I'm sorry for my bad english. English is not my main language.
I've been trying to study this and its patterns for a while.
You can see this in many ways, but the first way I saw this was from a geometrical point of view. I saw this as convexes polygons. Firstly you'll say it has $n$ vertices, and display them from $0$ to $n-1$ in any direction. Then you'll go the vertex of the position you are $+1$, then $+2$, then $+3$ and so on.
For example let's say that $n=5$. Then You'll have:
$$
-\:\: 0\:\: 1\:\: 2\:\: 3\:\: 4
$$
You start from $0$, then go to $0+1= 1$, then you go to $1+2 = 3$ etc.
Then you go to $3+3 = 6$. Note that if you represent this as a polygon you go back to $1$, since $$6 ≡ 1 \mod 5.$$
Eventually, if you keep doing these modulo sums, it results in a total of 3 vertices that you've passed through: 0,1,3. And lets put ${V(5) = 3}$.
Here's something I coded
- https://repl.it/@lehydra/PoligonosProblema
If you're not familiar with repl.it, its quite easy. Just click in "RUN" and give your "n" for the problem.
The first thing I noticed was that $2^n$ polygons they reached all vertices.
Somehow the $n=2$ case is special. If, for example, you want to know
$$
V(6) = V(2) \cdot V(3).
$$
and $V(2)=2$
Multiplication seems working when you use even numbers. Another example:
$$V(34) = 18,\quad V(17\cdot2) = V(17) \cdot V(2),$$
and $V(17) = 9$.
That might be the reason that $2^n$ polygons reach all vertices, since
$V(2^n)$ is obtained as the $n$-fold product of $V(2)$ by itself. So its reasonable that it reaches all vertices.
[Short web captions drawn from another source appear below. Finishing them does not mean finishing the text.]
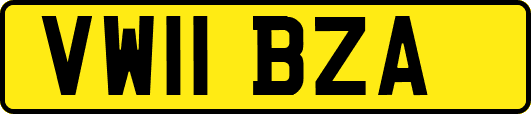 VW11BZA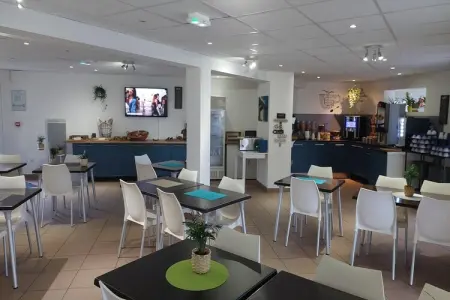 Residence Les Isles de Sola Grandcamp // T3 BALCON / 3 pcs 50 à 60 m2 T3 AVEC balcon ou terrasse, Escapade côtière pour 6 personnes en Normandie - Photo 27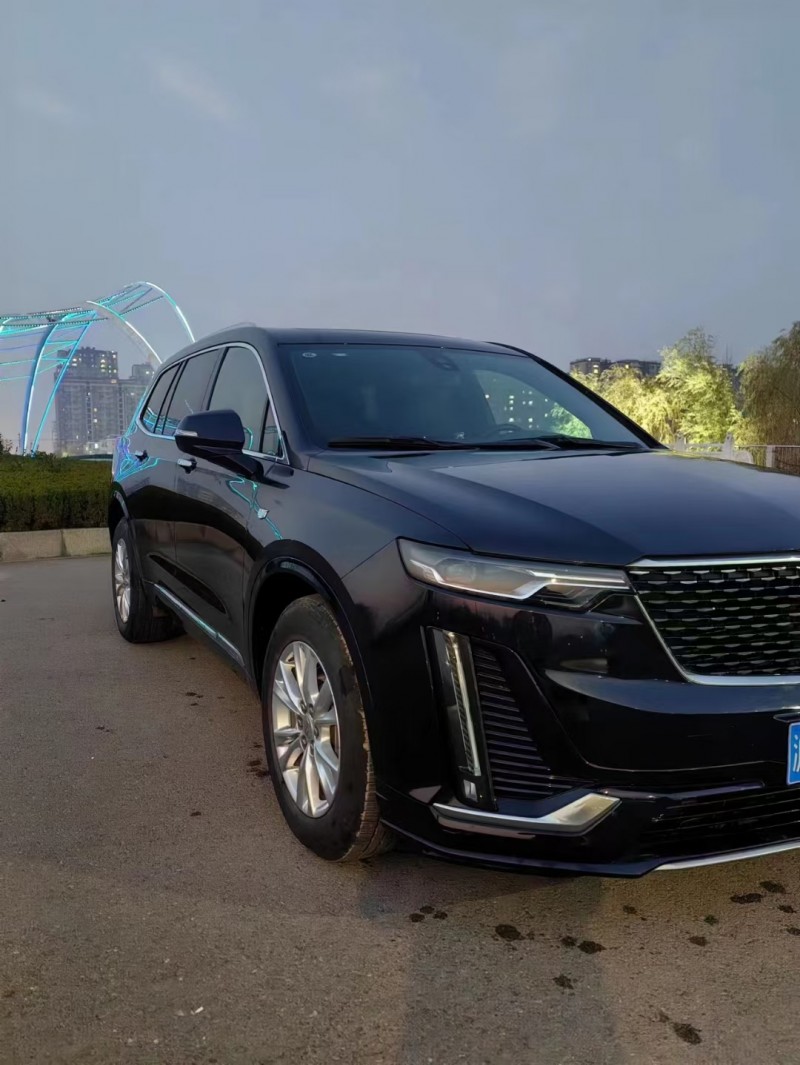 聊城21年凯迪拉克XT64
Can anyone please help me find a better explanation and help me to dig this out?
Also, what if I need to calculate $V(n)$ when $n$ is odd? What's the way or expression to get there?
If you're confused, this might help. https://prnt.sc/pitus0
The vertex numbers you find are all in the series $$0+1+2+3+... +k=\frac{k(k+1)}{2},$$
when considered modulo $n$.
If $n$ is an odd prime
The sum can be written as $\frac{1}{2}(k+\frac{1}{2})^2-\frac{1}{8}$ and the number of these modulo $n$ is the same as the number of squares i.e. $V(n)=\frac{n+1}{2}.$
Did you find that was always the case?
If $n$ is any odd number
By the proof given above, the answer is still the number of squares modulo $n$ and the easiest way of finding these is given by sequence https://oeis.org/A000224.
If $n$ is a power of 2
You have spotted a really interesting result that every integer can be written in the form $\frac{k(k+1)}{2}$ modulo such an $n$.
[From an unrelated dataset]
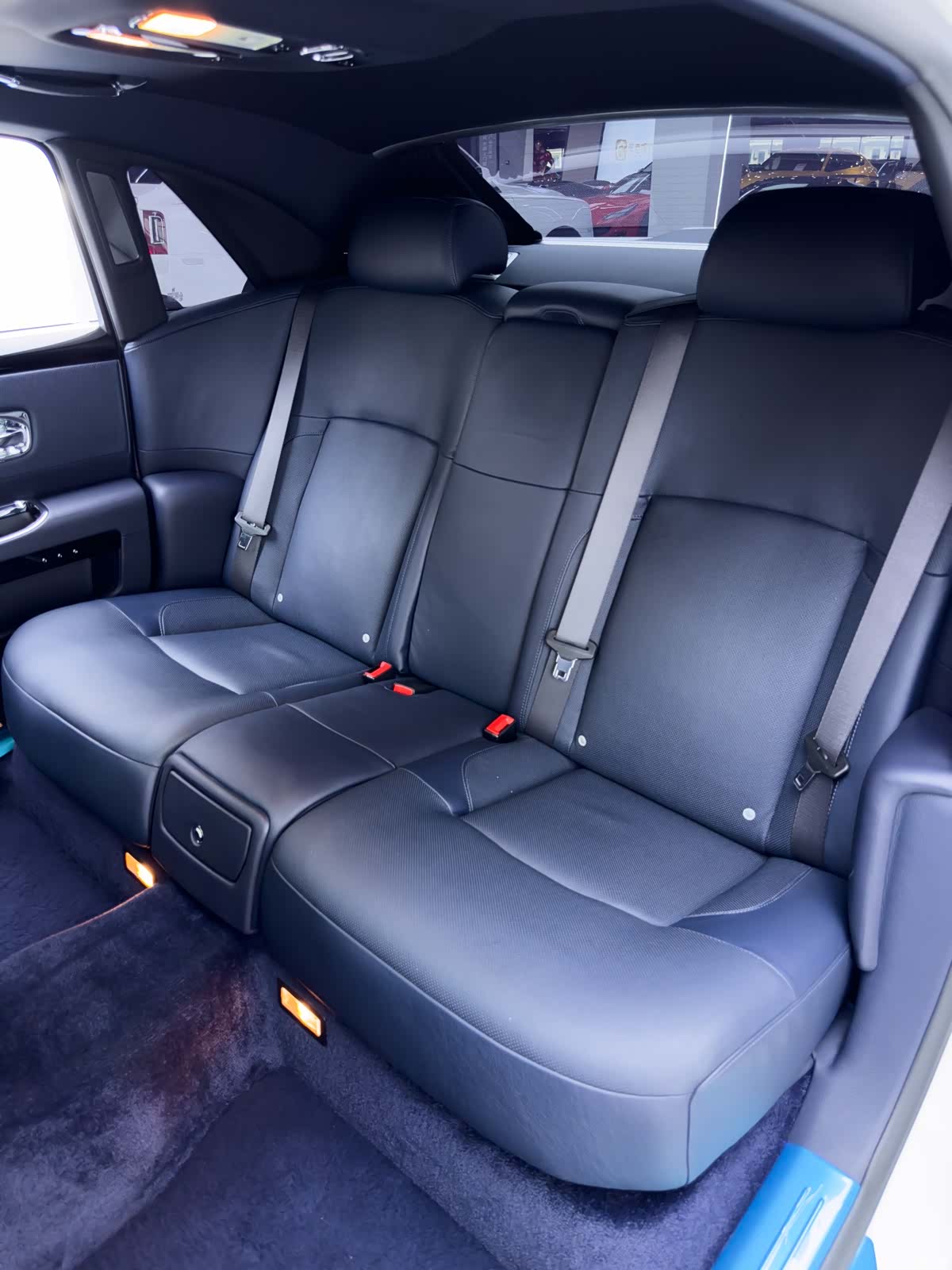 Rolls-Royce Ghost, 2014 26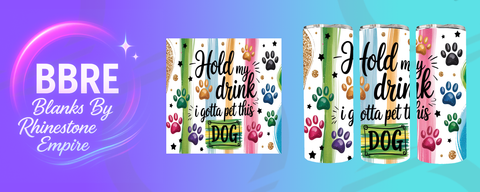Sarcastic 20 OZ Sublimation Print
This can be proved by showing that for $0\le k<l\le n-1$ the two expressions $\frac{k(k+1)}{2}$ and $\frac{l(l+1)}{2}$ are different modulo $n$. We will then have $n$ different numbers of this form which is what we want.
The proof is to consider $$X=\frac{l(l+1)}{2}-\frac{k(k+1)}{2}=\frac{(l-k)(l+k+1)}{2}$$
Now only one of $l-k$ and $l+k+1$ can be even and so, for X to be $0$ modulo $n$, $2n$ must divide either $l-k$ or $l+k+1$. However, both these numbers are greater than $0$ but less than $2n$. Hence we do have have $n$ different numbers of the required form.